** DATA IN THIS EXERCISE follows **

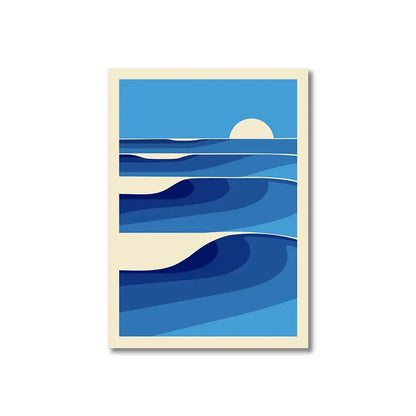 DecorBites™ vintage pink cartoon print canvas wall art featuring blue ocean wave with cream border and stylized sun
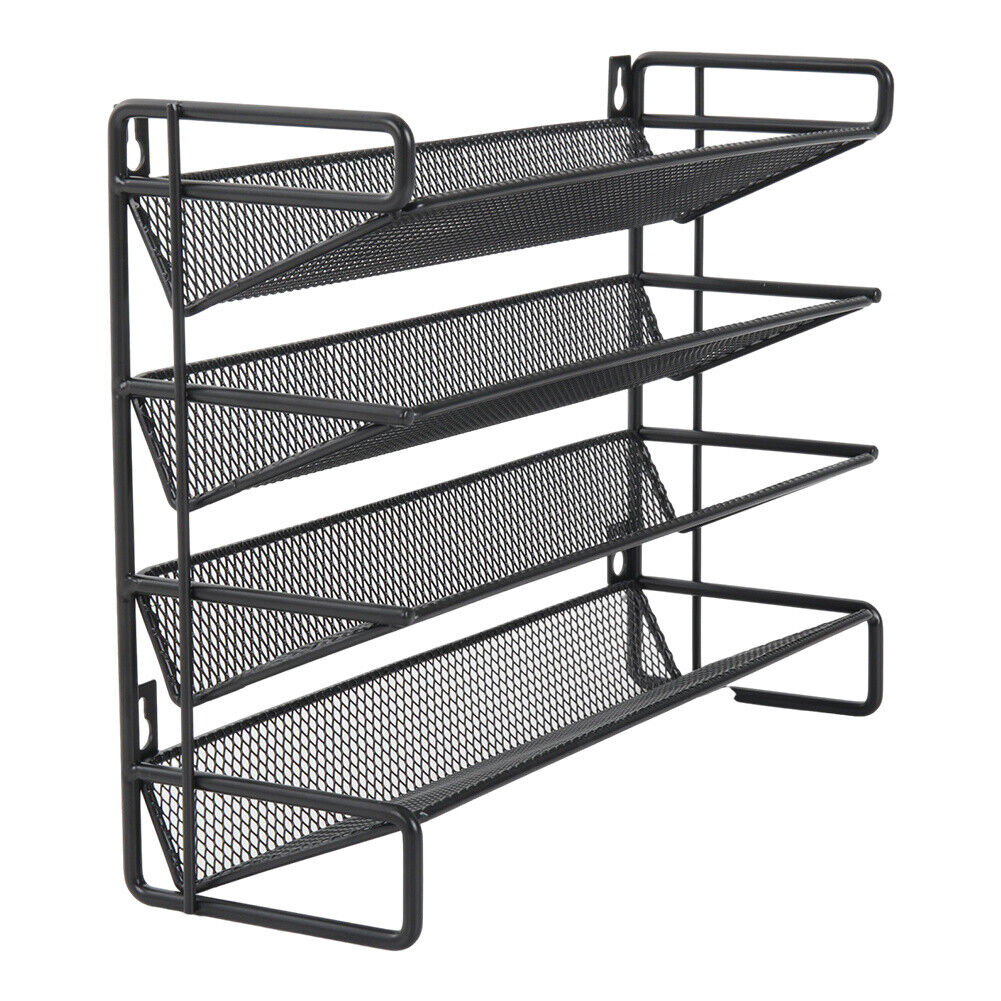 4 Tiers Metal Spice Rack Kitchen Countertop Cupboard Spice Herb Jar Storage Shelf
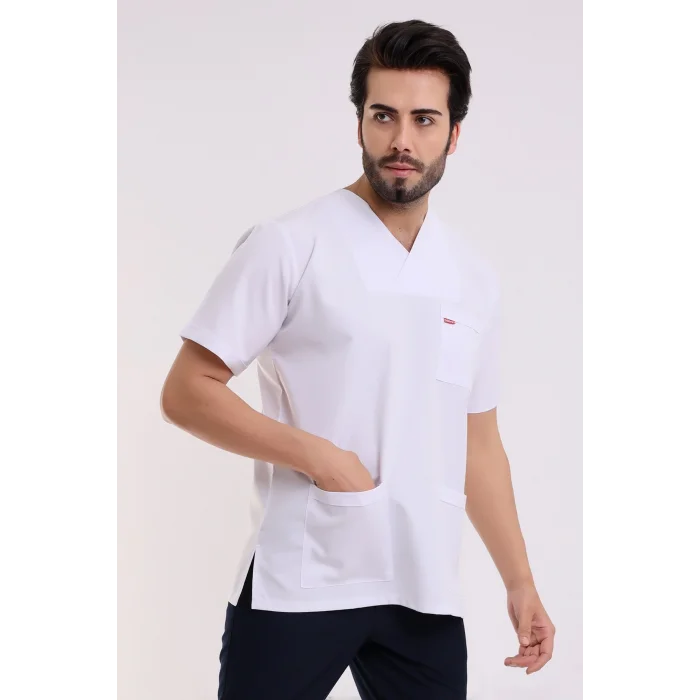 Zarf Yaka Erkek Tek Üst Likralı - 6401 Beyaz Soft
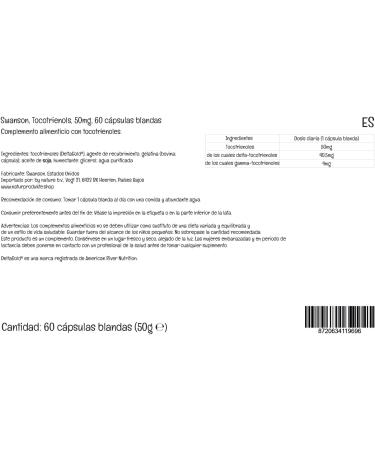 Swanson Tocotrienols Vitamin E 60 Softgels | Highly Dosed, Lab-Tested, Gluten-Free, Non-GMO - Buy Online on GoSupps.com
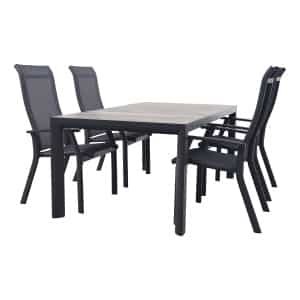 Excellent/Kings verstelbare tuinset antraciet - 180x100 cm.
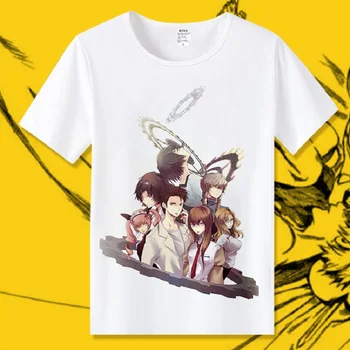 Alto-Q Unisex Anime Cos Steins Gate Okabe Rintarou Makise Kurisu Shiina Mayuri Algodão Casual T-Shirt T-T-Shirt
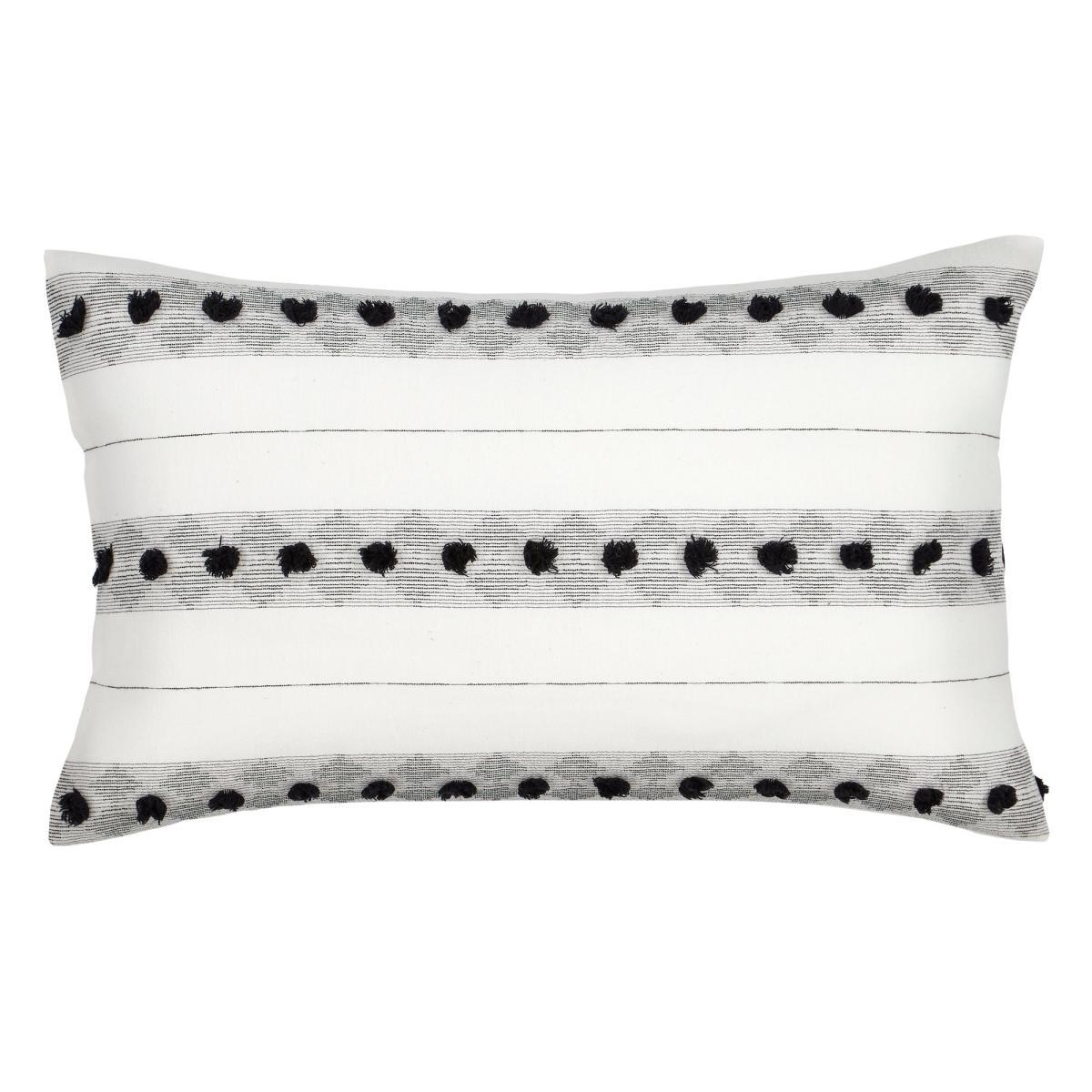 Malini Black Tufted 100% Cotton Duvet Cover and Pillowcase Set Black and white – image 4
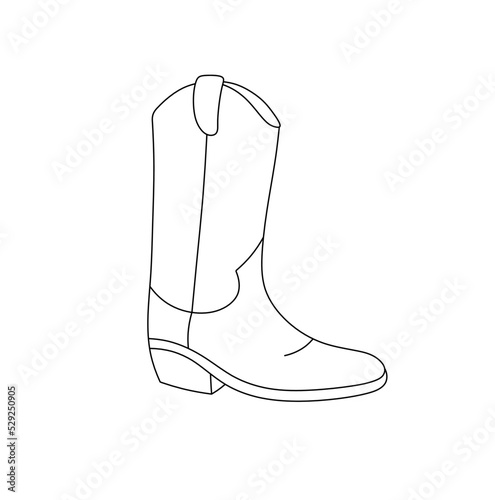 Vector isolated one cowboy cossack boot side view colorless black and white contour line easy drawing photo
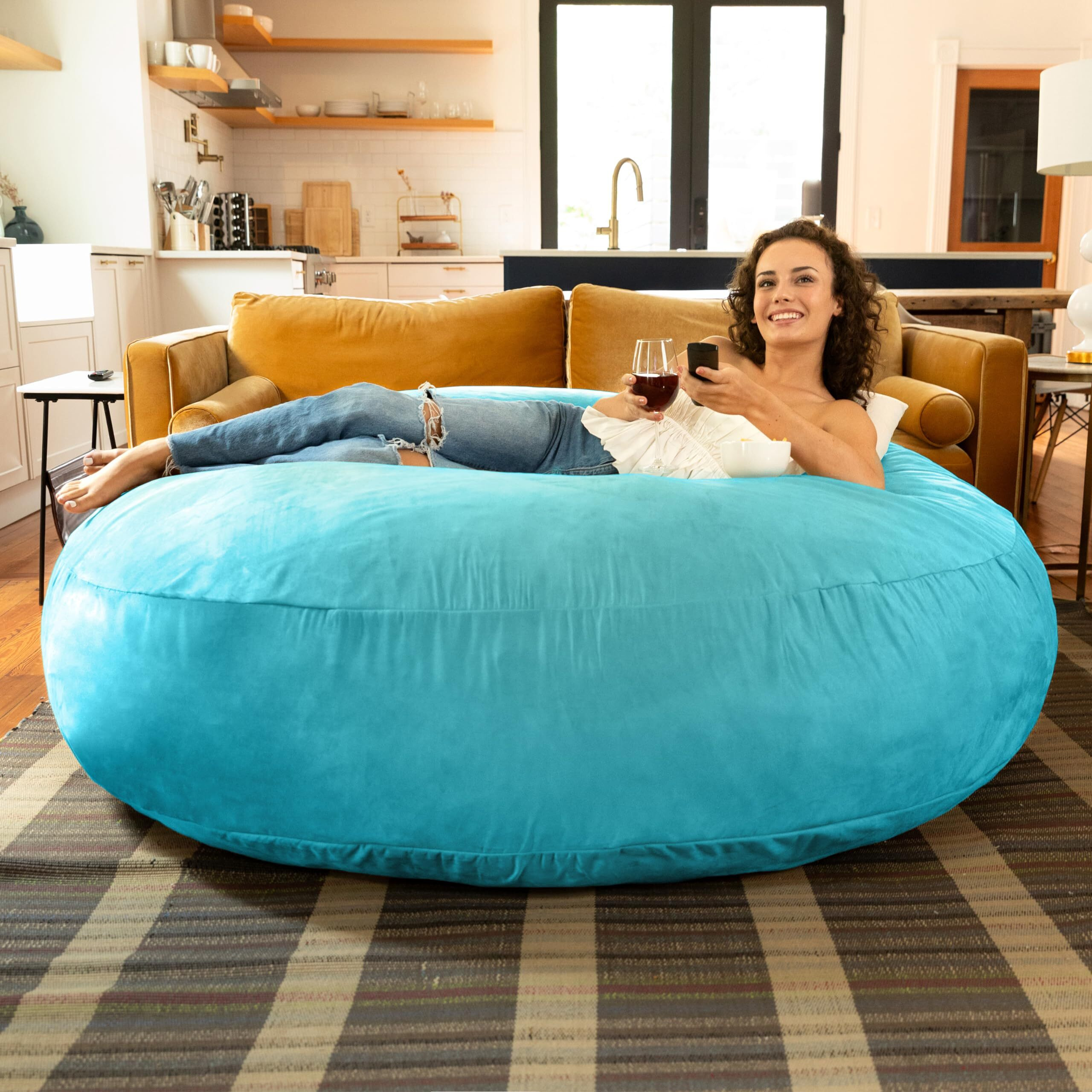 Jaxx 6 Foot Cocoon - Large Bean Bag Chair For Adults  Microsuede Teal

** End of DATA IN THIS EXERCISE **

Please write out exactly, and only, the lines from the beginning of the entries through the line containing "Swanson Tocotrienols Vitamin", including both and skipping all pictures.

 DecorBites™ vintage pink cartoon print canvas wall art featuring blue ocean wave with cream border and stylized sun
 4 Tiers Metal Spice Rack Kitchen Countertop Cupboard Spice Herb Jar Storage Shelf
 Zarf Yaka Erkek Tek Üst Likralı - 6401 Beyaz Soft
 Swanson Tocotrienols Vitamin E 60 Softgels | Highly Dosed, Lab-Tested, Gluten-Free, Non-GMO - Buy Online on GoSupps.com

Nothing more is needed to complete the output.